NBA Offseason Preview: Utah Jazz

The Jazz are probably the Western team in this year’s lottery most likely to make the playoffs next season. They’ve done a near-perfect rebuilding job since trading Deron Williams and managed to do it without completely bottoming out. Jazz fans are deservedly ready and eager to get back to the postseason.

The Jazz core is solid. Rudy Gobert has morphed from late first-round pick into one of the best rim protectors in the league. Derrick Favors is one of the league’s more athletic big men and is a great defender. Gordon Hayward has improved with every season and has done surprisingly well as Utah’s No. 1 scoring option. After CJ McCollum, Rodney Hood was the league’s best second-year player last season.

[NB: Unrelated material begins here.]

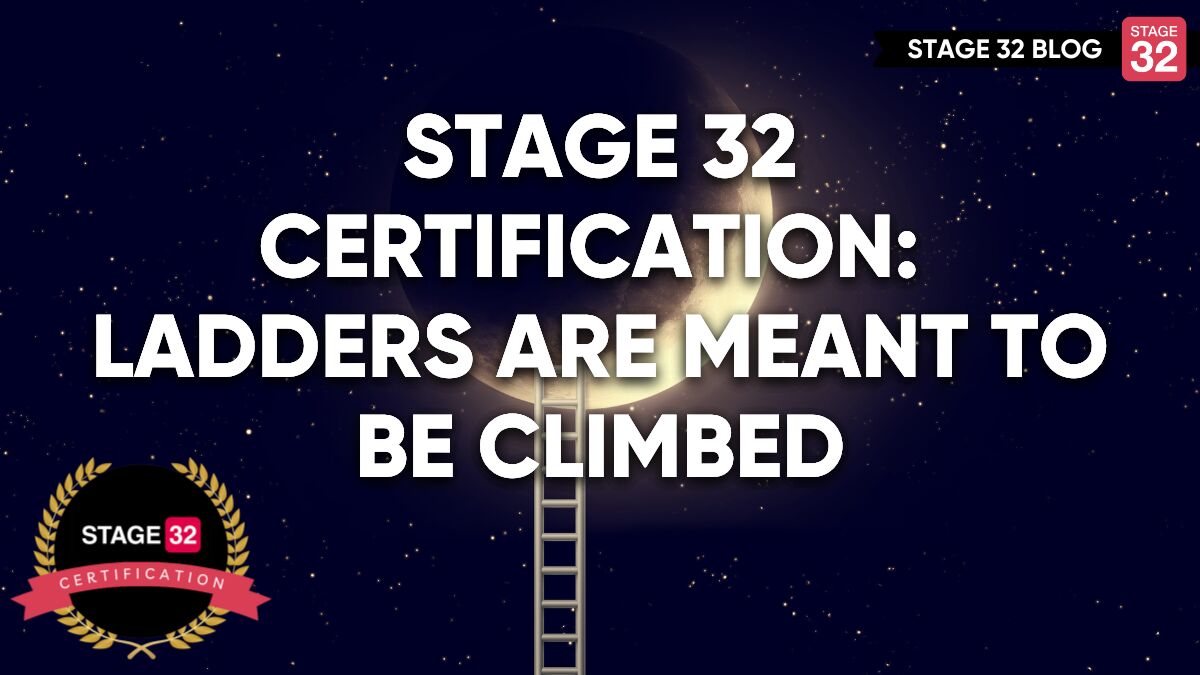 Stage 32 Certification: Ladders Are Meant To Be Climbed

The two biggest question marks for Utah are bench depth and point guard. Dante Exum, the 5th overall pick two years ago, missed all of last season with an injury and the Jazz struggled all year to find someone to run the offense. Raul Neto, Shelvin Mack and Trey Burke are all quality players, but none is league-average starting point guard.

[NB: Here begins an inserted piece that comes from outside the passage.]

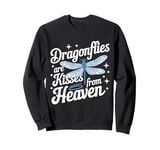 Dragonfly Dragonflies Are Kisses From Heaven Sweatshirt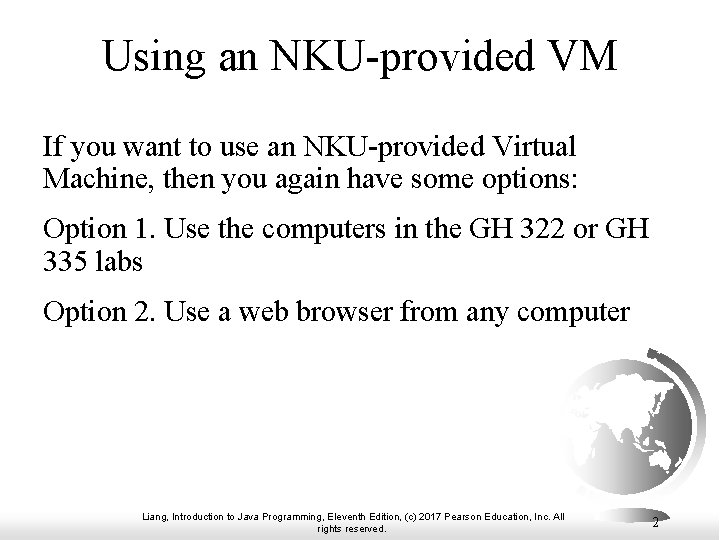 Using an NKU-provided VM If you want to use an NKU-provided Virtual Machine, then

The Jazz second units were also a weak link. Injuries to Favors, Gobert, Exum and Alec Burks all got hurt and the Jazz simply couldn’t come up with enough depth to compensate. Too often they would fall out of games in the second and fourth quarters.

With Burks and Exum back and another year of experience for Trey Lyles, the Jazz should have move in reserve next season. They also hold the No. 12 pick and could find a young player to groom, but may try to move it for a veteran presence to help them make the 2017 playoffs.

Depending on what they decide to do with Devin Booker, the Jazz could have more than $30 million in cap space this summer. They could go after a player to help them now, but they would probably be better served to conserve that space for the future. Next summer both Hayward and Favors can be free agents and will both likely see considerable pay raises.

That makes this summer and next season even more important. The Jazz need to decide quickly if this core is good enough. Favors and Hayward their clear leaders, are still young and improving. Do they have enough to bring the playoffs back to Salt Lake City?